Indian Decade

50-50 India?

A top economist says India only has a 50 percent chance of breaking out into economic stardom. Is he right?

Thanks to excerpts I’ve read in Time magazine and the Economic Times, India’s most widely read business newspaper, Breakout Nations: In Pursuit of the Next Economic Miracles is definitely top of my list of must-read books.

Written by Ruchir Sharma, an economist at Morgan Stanley, the book essentially argues that emerging economies can’t be bunched into one homogeneous group, and that each country within this grouping is going to follow a different trajectory, with only some of them coming forward as “breakout nations” with sustained growth. He forecasts there’s a 50 percent chance of India being one of the breakout nations.

Sharma highlights worries over India’s much-touted demographic dividend, crony capitalism and what he calls its “premature welfare state tendencies.” In a blog review, Swaminathan Aiyar, a leading economic columnist, lauds Sharma’s insights enthusiastically. But Aiyar adds: “The book is a bit too pessimistic about India, which probably has more than a 50 percent chance of exceeding 7 percent growth.”

Without a doubt, the book’s timing couldn’t have been more appropriate. There are growing worries that India is fast losing its economic sheen, and needs to shake off the arrogant assumption that the world sees it as the next economic superpower. A perceived policy paralysis and the slow introduction of necessary legislation on key economic issues at the central government level have added to the narrative that India is gradually going off track. Such pessimism has been compounded by the controversy sparked by Kaushik Basu, the government’s chief economic adviser, who was quoted in his address at Carnegie Mellon as saying that major reforms are unlikely before the next general election, due in 2014.

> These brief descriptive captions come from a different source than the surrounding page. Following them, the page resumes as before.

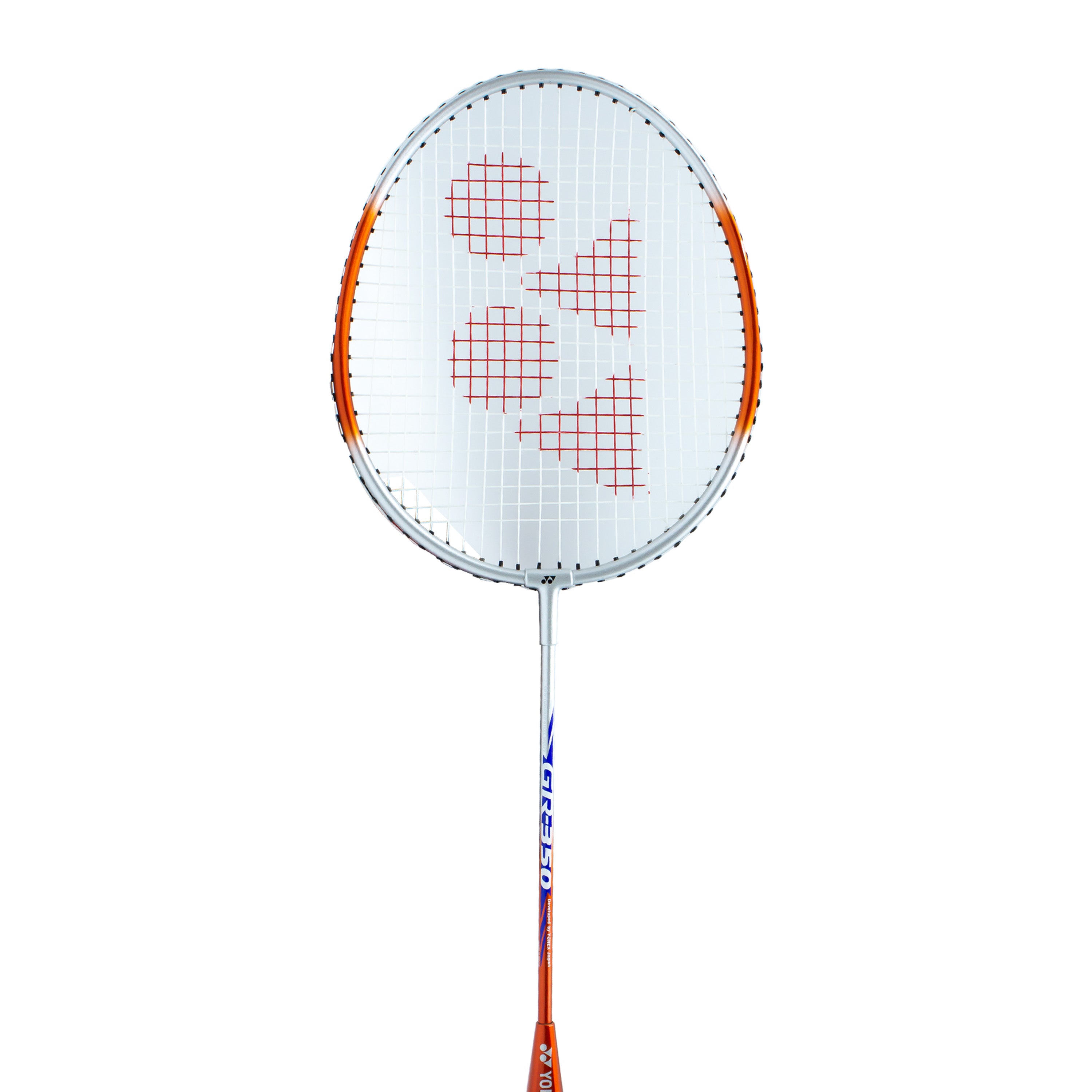 Yonex GR350 Silver Orange G4 Badminton Racket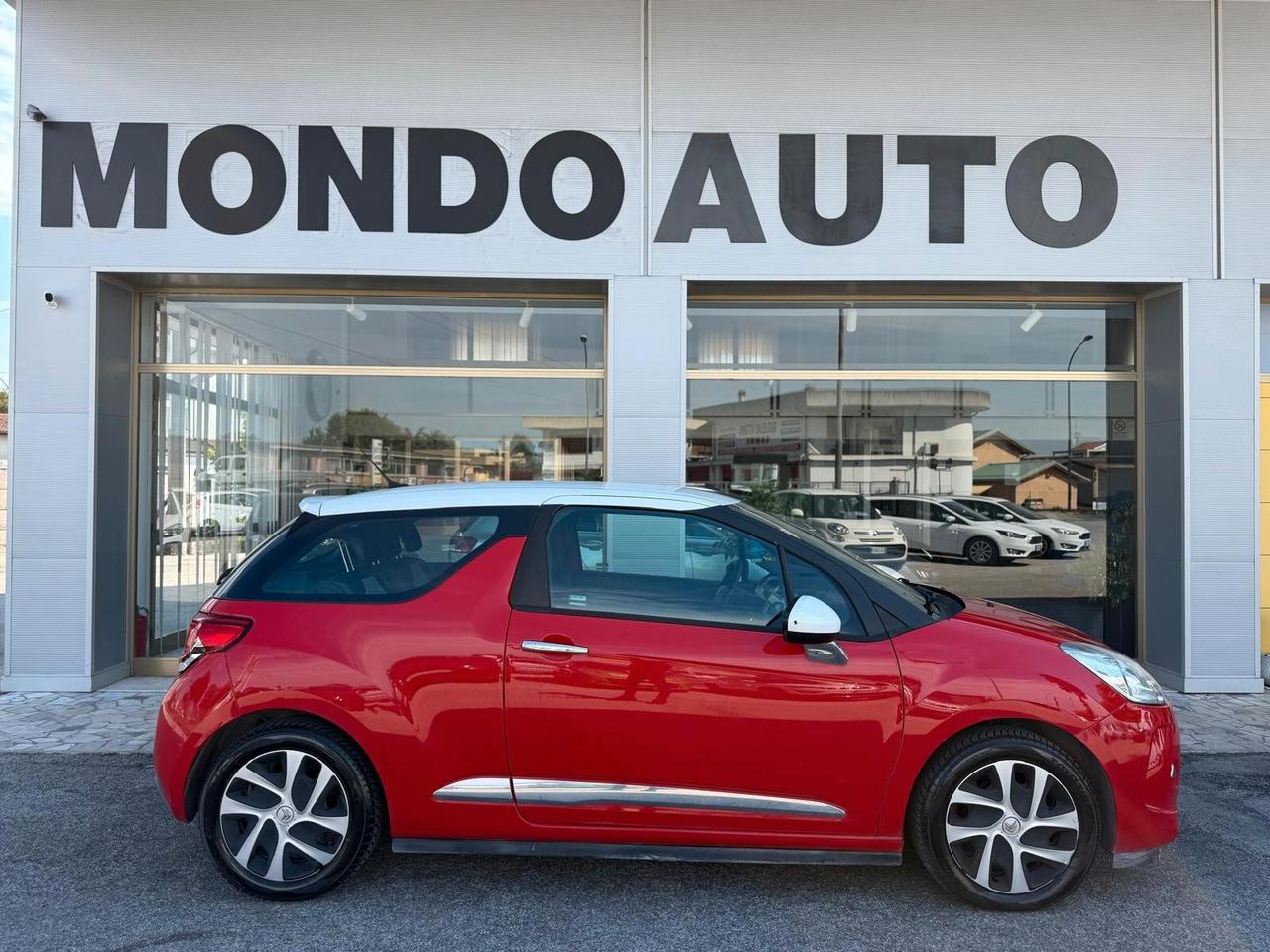 Ds DS3 3 1.4 HDi 70 Chic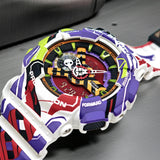 RELOJ G-SHOCK X EVANGELION GA-110EVA30-7ADR - BLANCO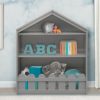 Serta Book & Toy Storage | Happy Home Storage Bookcase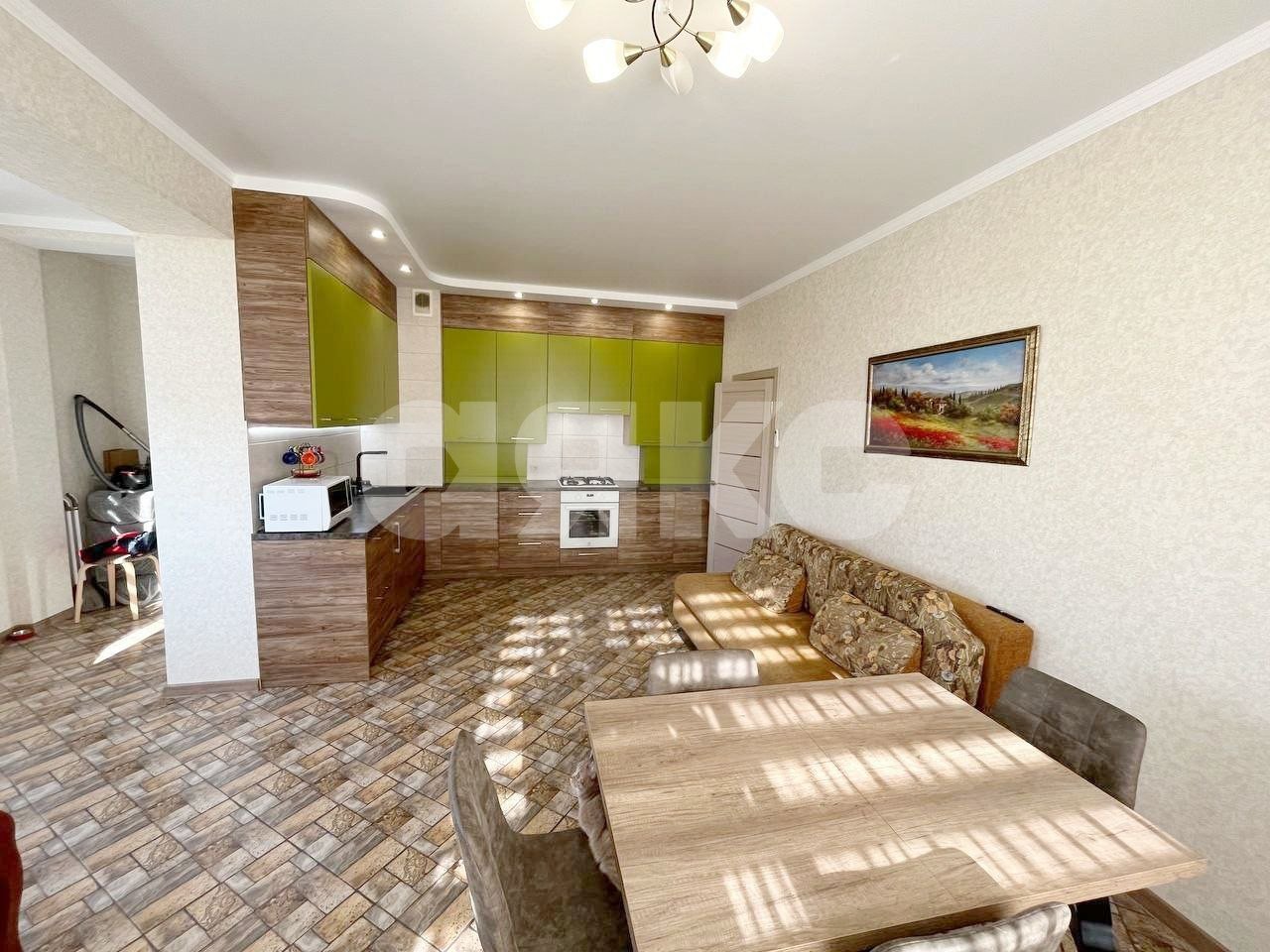 Фото №2: 3-комнатная квартира 117 м² - Симферополь, ЖК Таврический, ул. Битакская, 17В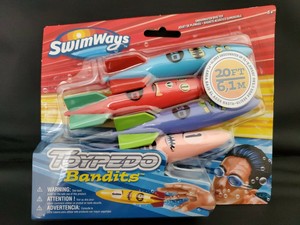 swimways toypedo bandits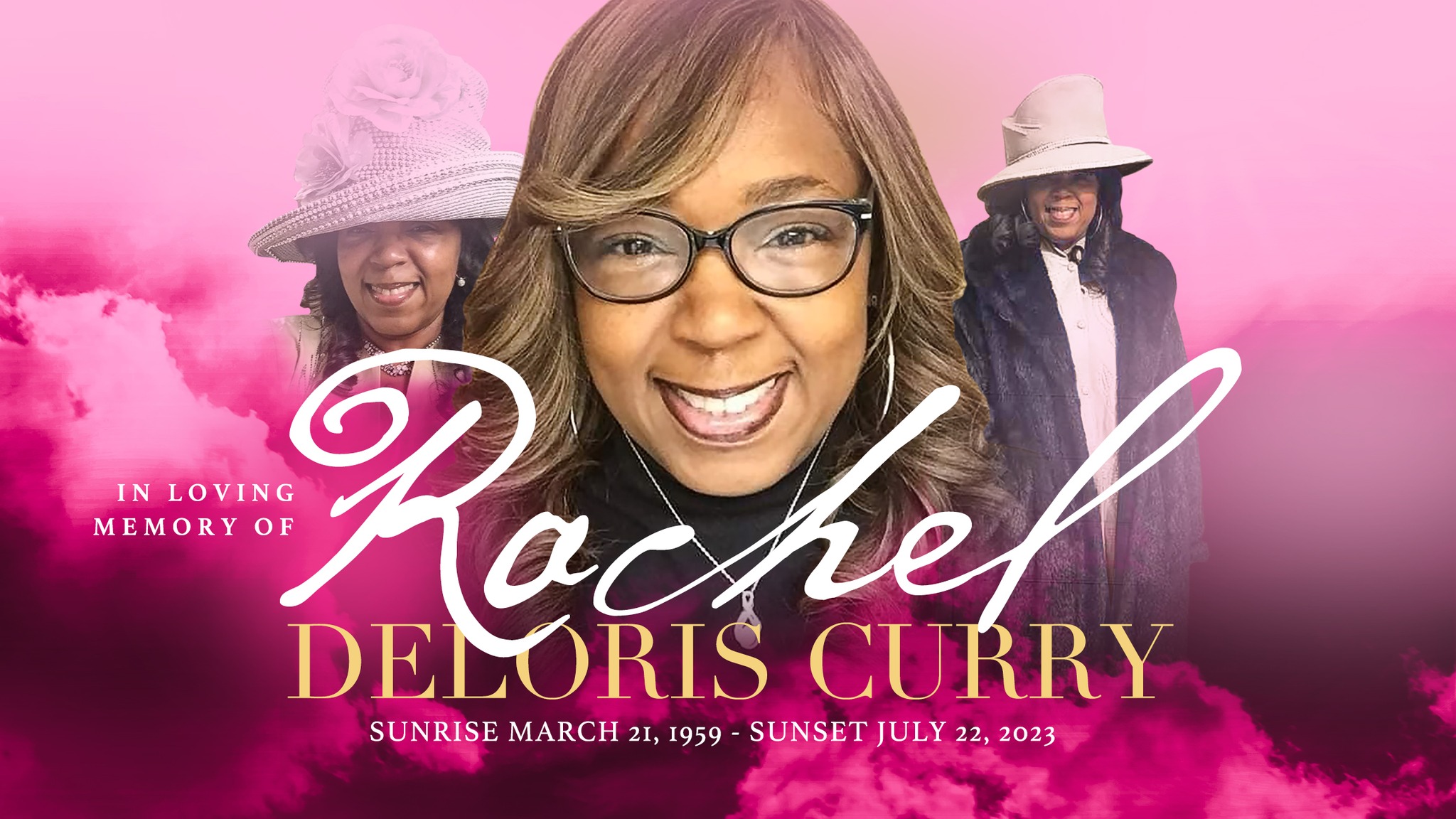 Rachel Deloris Curry Homegoing Celebration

The opposition parties were quick to accuse the government of being paralysed, and Basu quickly “clarified” that he was quoted out of context. He did, though, admit that the political compulsions of a coalition government had led to slower decision-making. Considering that the general election is two years away (and that even afterward, a strong, one-party government seems unlikely to be the result), and with the current government shackled by political pressures pulling it in different directions, could Sharma actually be right?

India’s future really might be hanging in the balance.